FIG. 2 is a functional block diagram illustrating a tag, generally designated 200, in accordance with one embodiment of the present invention. FIG. 2 provides only an illustration of one implementation and does not imply any limitations with regard to the systems and environments in which different embodiments can be implemented. Many modifications to the depicted embodiment can be made by those skilled in the art without departing from the scope of the invention as recited by the claims.
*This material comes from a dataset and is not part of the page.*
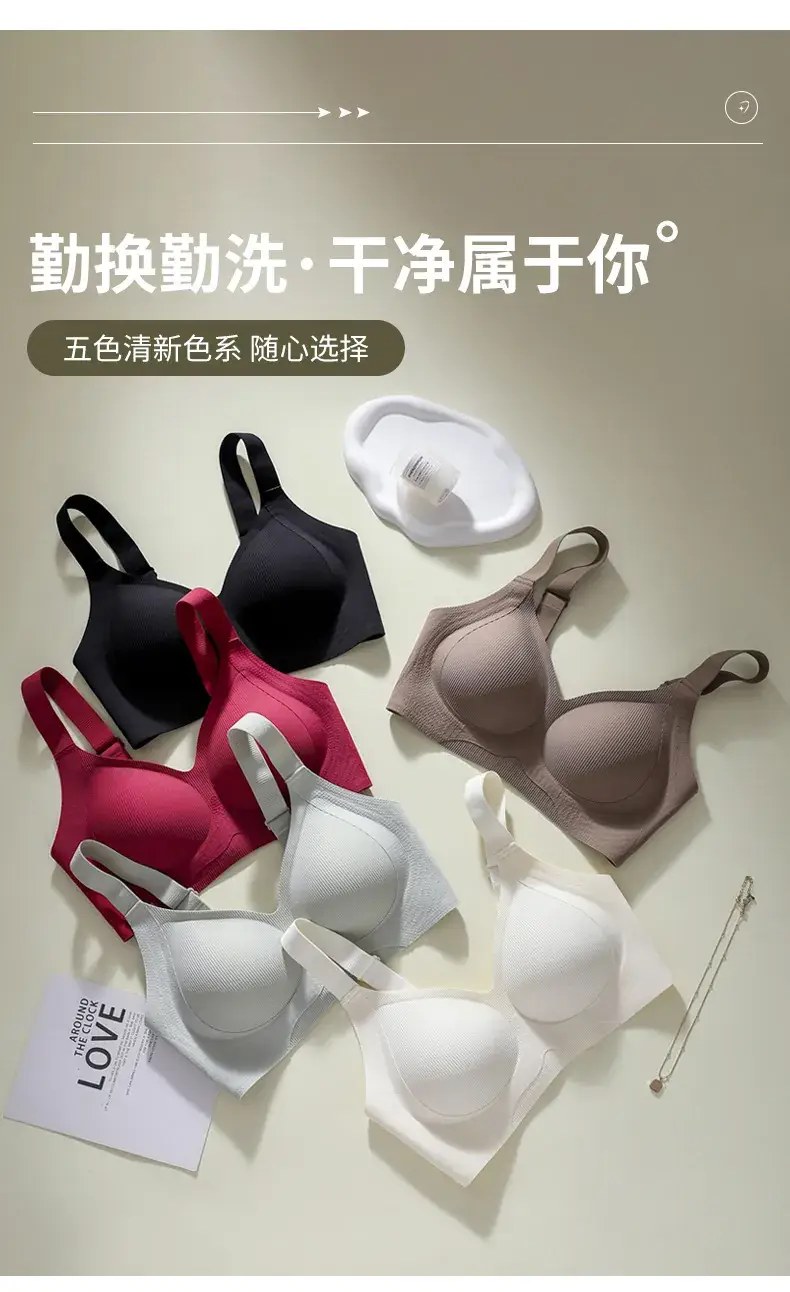 Traceless Pull-up Bra for Plus Size Women Adjustable Comfort — feature 11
An embodiment of data processing environment 100 includes tag 202. Tag 202 includes chip 210 along with downstream connection 220 and upstream connection 230, upstream connection 232 and upstream connection 234. In an embodiment, chip 210 may be a microchip or any other electronic circuitry capable of storing and transmitting the digital identification data and any other data of tag 202. Additionally, chip 210 may be a microchip or any other electronic circuitry capable of transmitting data of other tags received by tag 202 via an upstream connection and transmitted to the downstream connection 220. In an embodiment, tag 202 receives power for chip 210 from the downstream connection 220 via reading device 110. In an alternative embodiment, tag 202 has its own power source (not shown) to provide power for chip 210. The power source could come in the form of a battery, direct connection to a power source via another connection (not shown), or any other form of power source. Tags powered with their own power source have the capability to store data from other tags in data processing environment 100. For example, when a reading device 110 is not connected to root tag 120, tag 202 may still log and retain information about any and all tags found in data processing environment, including information about tags being connected and disconnected from data processing environment, and this information can be transmitted to reading device 110 at a later time. Additionally, tag 202 can transmit data to other tags, including root tag 120, or reading device at intervals which are a programmable feature of tag 202. Alternatively, applying power to tag 202 at prescribed intervals may be a mechanism to control transfer of data at regular intervals between a tag 202.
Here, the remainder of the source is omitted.